Call me by the old familiar name.
Speak of me in the easy way which you always used.
Put no difference into your tone.
Wear no forced air of solemnity or sorrow.
Laugh as we always laughed at the little jokes that we enjoyed together.
Play, smile, think of me, pray for me.
Let my name be ever the household word that it always was.
Let it be spoken without an effort, without the ghost of a shadow upon it.
Life means all that it ever meant.
It is the same as it ever was.
There is absolute and unbroken continuity.
What is this death but a negligible accident?
Why should I be out of mind because I am out of sight?
I am but waiting for you, for an interval, somewhere very near, just round the corner.
All is well.
Nothing is hurt; nothing is lost.
One brief moment and all will be as it was before.
How we shall laugh at the trouble of parting when we meet again!
Clean yourself up. I’ll wait.
Ok, that’s enough. Life is for the living, as they say.

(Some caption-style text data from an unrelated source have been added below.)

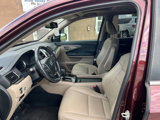 Used 2017 Honda Pilot EX-L image 5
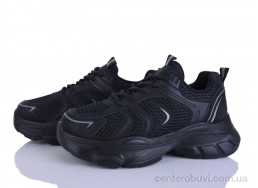 Кроссовки Loretta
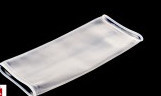 Çin Noritsu minilab Parça # A061489-00 / A061489 Tedarikçi
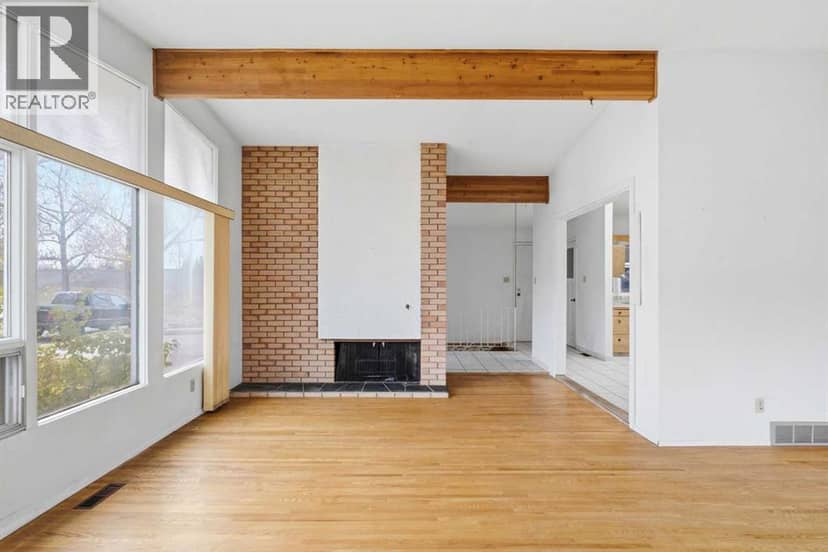 132 Lake Wapta Rise SE, Calgary, photo 7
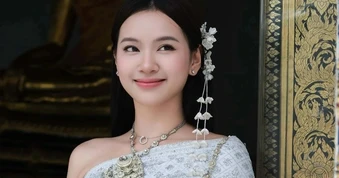 Thái Lan cho phép mở vali ký gửi không cần khách có mặt, khách Việt lưu ý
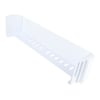 Beko Fridge & Freezer Door Bottle Shelf Rack - Image 10
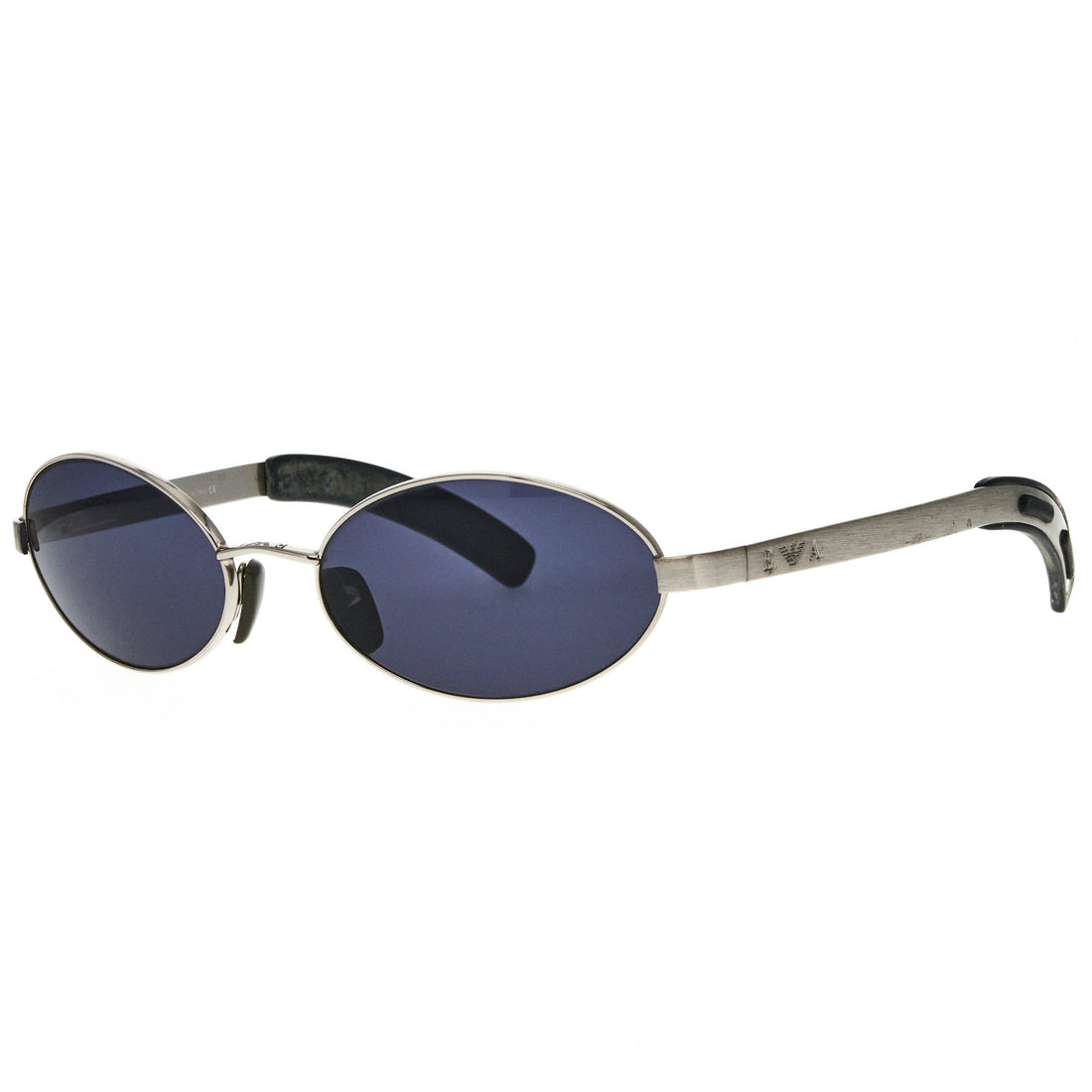 Gucci GG 2378/S SC7 – Vintage Frames Company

So many have gone before us and will continue to leave us throughout this life… they might not even die, they may simply become someone completely unrecognizable or their lives may take them somewhere we can’t go. Surely those are to be mourned just as hard as someone we’ve lost to the grave… loves not loved enough, friends we maybe never knew as well as we wished we had.
Every person who goes out also stays, though. They echo in shadows. They reflect off of every shimmering surface. They’re with us forever, they never go away. They are ours, we are theirs and that’s for as long as memory can last. For better and for worse. How, then, can the dead be lost?
Today… well, honestly, since I heard about the loss of Nefarious’s younger brother, I’ve been trying to find the right words for her. Because it’s unfair for her to suffer this alone when so many people feel her so hard right now.
It’s hard to see it with the blinders of grief on, I know, but in time, one day, you’ll notice us, Kiddo. You’ll realize you were never alone through any of this and your adopted family had your back for every step.
The Internet has brought us some strange relationships and moved some peculiar people into and out of our lives, but I have never once regretted our friendship. You’ve made me a better person because I find myself trying to set a good example or to live up to your expectations… I thought you should know.
You’re family, kid. And your pain is my pain. Your loss, my loss. But you know he’s not really gone, don’t you? He’s just in the next room. Like Mocha’s mom and Our Judith and Billy and so many others.
It’s probably getting kinda crowded in there, frankly.
… you would be the asshole that got me back to work, wouldn’t you? It’s the kind of thing you do…
Much love, have a safe trip and remember that you only ever have to ask and a whole community will crawl all over themselves to help you. Because you are so, so loved.
And so are the rest of you fuckers.
But today this is a blog for one. And I know she’s reading.